Migrants held in overcrowded conditions at a detention center in Tripoli, Libya. CREDIT: AP
Migrants held in overcrowded conditions at a detention center in Tripoli, Libya. CREDIT: AP

At the al-Hamra migrant detention center in Libya, hundreds of migrants and asylum seekers are held in metal-barred, overcrowded shipping containers — — they wait for months, sometimes years in these conditions.

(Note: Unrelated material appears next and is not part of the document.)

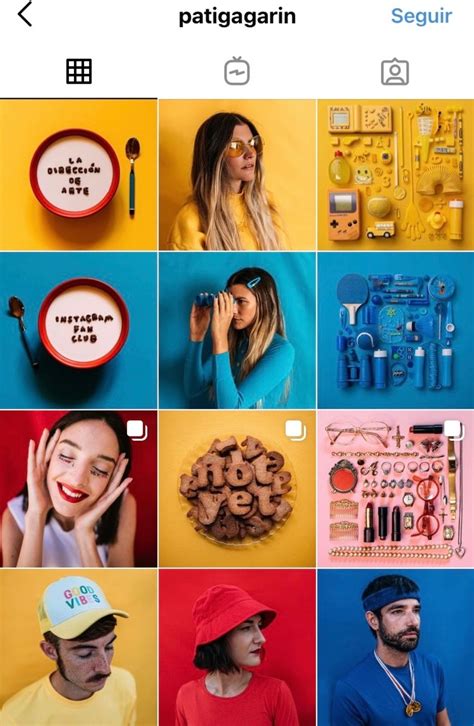 How To Curate Your Instagram Grid Layout Domestika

In November 2013, a 33-year-old Eritrean man being held at al-Hamra witnessed what happens when these migrants try to escape. “They caught them,” he told interviewers. “Then they punished all of the detainees in one of the [shipping] containers. I saw it all happen. They took them out, stripped off their shirts, threw water all over them, and then whipped them with rubber on their backs and heads for about half an hour. They were all vomiting because they were in so much pain.”

According to a new Human Rights Watch report released on Sunday, his story isn’t an outlier.

In its April 2014 investigation, HRW visited nine detention centers in Libya and found repeated incidences of guard brutality from suspending detainees upside down from trees and whipping them to beating them with iron rods, sticks and rifle butts. Some report having been burned with cigarettes, kicked and punched in the head and torso, and having to endure electric shocks. One woman revealed guards “told us to take off our clothes, and then put their fingers inside our vaginas.”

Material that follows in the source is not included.